## [Exercise brief]
Write out the lines of the material below exactly, beginning at the line with "RI license plate 813900" and stopping after the line with "Aanbieding: Fluwelen dekbedovertrek", and leave out the pictures.

## [Study material]
- Opening Delimiter -

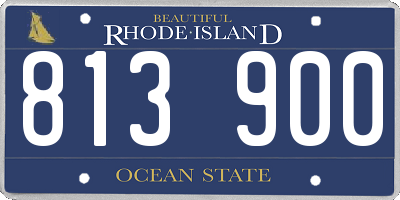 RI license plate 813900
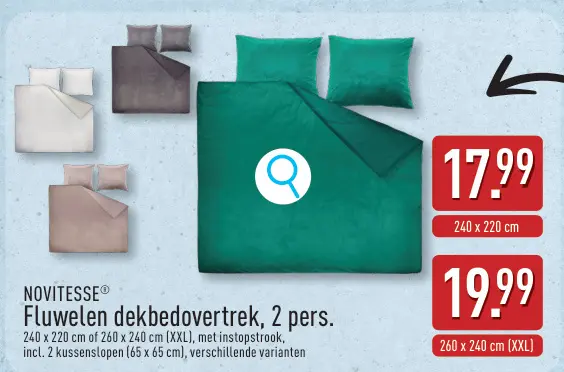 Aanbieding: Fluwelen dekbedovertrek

- Closing Delimiter -
- Opening Delimiter -

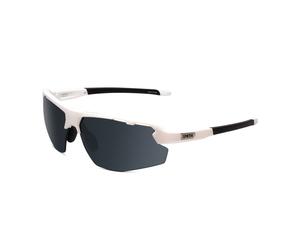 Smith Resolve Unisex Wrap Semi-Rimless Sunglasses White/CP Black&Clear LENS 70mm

- Closing Delimiter -

## [Result]
 RI license plate 813900
 Aanbieding: Fluwelen dekbedovertrek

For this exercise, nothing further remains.